The first time I made this dish, I accidentally added twice the amount of garlic called for. Instead of ruining the dish, it created this incredible depth of flavor that my family went crazy for. Now I always use at least six cloves, sometimes more if Im feeling particularly bold. There is something magical about the way garlic mellows and sweetens in the cream sauce.
Make Ahead Options
This dish reheats beautifully, making it perfect for meal prep.
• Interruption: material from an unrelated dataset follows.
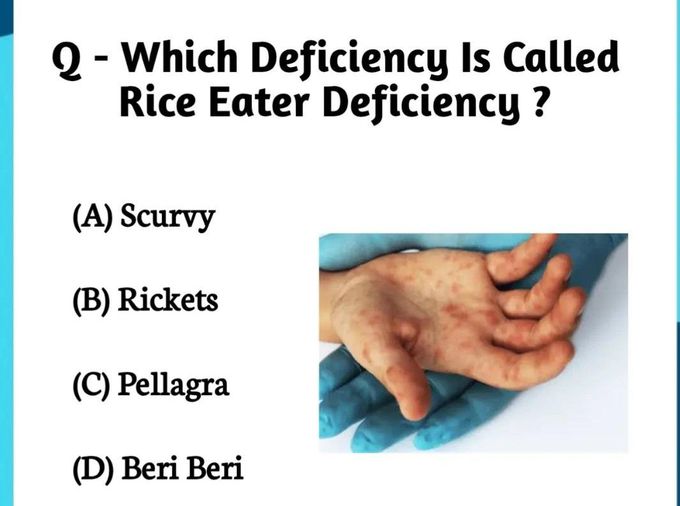 Eice Eater Deficiency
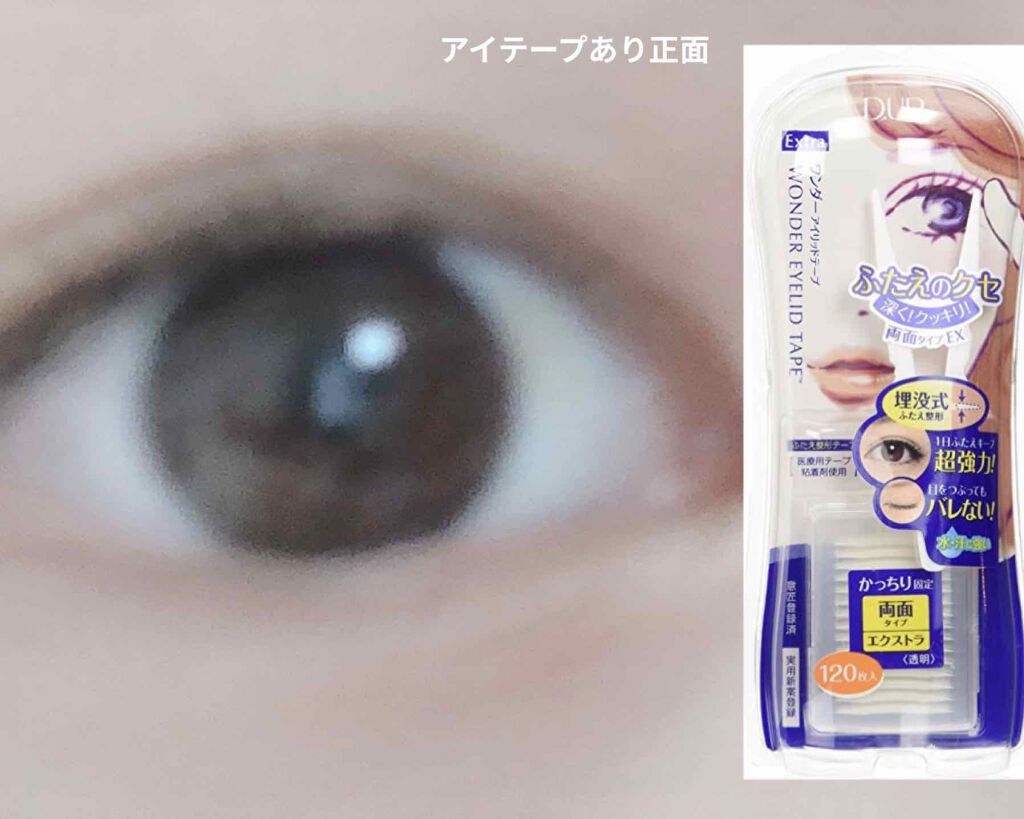ワンダーアイリッドテープ Extra/D-UP/二重まぶた用アイテムを使ったクチコミ（1枚目）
Cook the entire recipe, then portion into airtight containers and refrigerate for up to 3 days. When reheating, add a splash of chicken broth or cream to refresh the sauce, as it tends to thicken when chilled. The flavors actually develop and improve overnight, making day two potentially even more delicious than the first serving.
Serving Suggestions
While perfect on its own, this chicken skillet pairs wonderfully with various sides. For a low carb option, serve over zucchini noodles or cauliflower rice which will soak up the delicious sauce. If carbs aren't a concern, crusty Italian bread for dipping or al dente pasta makes this a more substantial meal. A simple arugula salad with lemon vinaigrette provides a peppery contrast to the creamy sauce.

Ingredient Swaps
This recipe is incredibly flexible. No heavy cream? Use half and half or even full fat coconut milk for a dairy free version. Chicken thighs can substitute for breasts for more richness and forgiveness in cooking time. Fresh herbs can be swapped based on what you have. Rosemary or thyme work beautifully in place of basil for a different flavor profile. For a spicy kick, add red pepper flakes or a dollop of harissa paste to the sauce.
Frequently Asked Questions
- → How do I prevent the chicken from drying out?
Ensure you don’t overcook the chicken. Sear it quickly on each side and then simmer it in the creamy tomato sauce to lock in moisture.
- → Can I adjust the level of creaminess?
Yes, you can. Add more heavy cream for a richer sauce or reduce it for a lighter texture.
- → What can I use instead of Parmesan cheese?
You can use Pecorino Romano or grated mozzarella for a similar flavor, or nutritional yeast for a dairy-free option.
- → Is this dish suitable for meal prep?
Absolutely! Store it in an airtight container in the refrigerator for up to 3 days. Reheat gently to maintain the creamy texture.
- → What side dishes pair well with this dish?
This dish pairs well with sautéed spinach, zucchini noodles, or cauliflower rice for a low-carb meal. You can also serve it with crusty bread or pasta if carbs are not a concern.